List<Regular> regularList = tenantRegularConfigOptional.get() .getRegularList();

Collections.sort(regularList);

try {

Regular regular = null;

if (null != (regular = isFixedRule(regularList, message))) {

// press logback particular log format, typing hbase

//insertHBaseLogContent(message, appName, data);

The matching of // regulation engine, typing opentsdb

LoggerData data = new LoggerData();

data.setAppName(appName);

data.setCreateTime(com.ihomefnt.sunfire.config.utils.StringUt ils.now());

data.setSplitExpress("");

data.setAppIp(ip);

data.setLoggerContent(message);

tsdbMetricStore.put(appName, ip, logFileName, data, regular, tsdbProperties.getOpenTSDB());

}

return true;

} catch (Exception e) {

log.error("insert opentsdb exception:{}", JSON.toJSONString (message));

return false;

}

return false;

}

It is deposited into opentsDB time series data Deng statistical data abnormal, key business in 1,2, at this moment only needs to configure figure It shows in software Grafana, chart presentation can be carried out according to time trend to certain class business datum,

System relies on the deployment scenario of middleware, as shown in table 1:

Table 1

Wherein hdfs, HBase, kafka are disposed according to fully distributed mode, and opentsDB is due to relying on HBase Distributed deployment, Grafana mainly do chart presentation, carry out single-point deployment；

3. starting filebeat client in instances in application, typing Apply Names (corresponding topic title) and needs are adopted The correspondence journal file path of collection:

Push can be acquired to log in real time；

4. being matched to corresponding rule after monitoring system consumption, being included in the corresponding aggregating records of opentsDB；

It if it is exception, is then alerted by the alerting service configured, here by taking nail follows closely Bot as an example, as shown in Figure 7.

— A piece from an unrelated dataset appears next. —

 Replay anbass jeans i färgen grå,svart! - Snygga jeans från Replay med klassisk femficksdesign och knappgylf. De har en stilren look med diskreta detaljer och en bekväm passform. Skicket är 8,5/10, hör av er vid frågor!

5. for the business polymerization data acquired correlation graph displaying can be configured in Grafana, as shown in Figure 8.

It is finally reached the visualization for key business contextual data to present, and abnormal monitoring processing mesh quasi real time Mark.

Claims

1. a kind of full link monitoring alarm method based on log collection analysis, it is characterised in that: specifically include the following steps；

Wherein, hdfs, for storing the distributed document of data file；

HBase, for externally providing data storage service；

Grafana is visualized for final chart；

Step 3, operation system log collection and analysis processing；

2. a kind of full link monitoring alarm method based on log collection analysis according to claim 1, it is characterised in that: It is specific as follows in the step 2: operation system log recording and the maintenance of log analysis rule

3. a kind of full link monitoring alarm method based on log collection analysis according to claim 1, it is characterised in that: It is specific as follows in the step 3: to use filebeat as log data acquisition device, the file acquired will be needed with message in real time Format is sent out, while using kafka as the bridge for linking up service application and monitoring system, realizes analysis log in real time Target, the specific steps are as follows:

Step 3.1. downloading filebeat file is simultaneously decompressed；

Step 3.4, monitoring system is monitored in step 3.2 and configures corresponding kafka queue topic filebeatsystem, when having It can be analyzed by consumption after new log information push.

4. a kind of full link monitoring alarm method based on log collection analysis according to claim 1, it is characterised in that: In step 4, the alarm of log analysis result and subsequent diagrammatic representation according to log content are divided into two kinds of situations, specific as follows:

1. newdata source；

2. selecting openTSDB；

4. creating new dashboard from homepage, and select Add Query；

6. obtaining the diagrammatic representation of contextual data.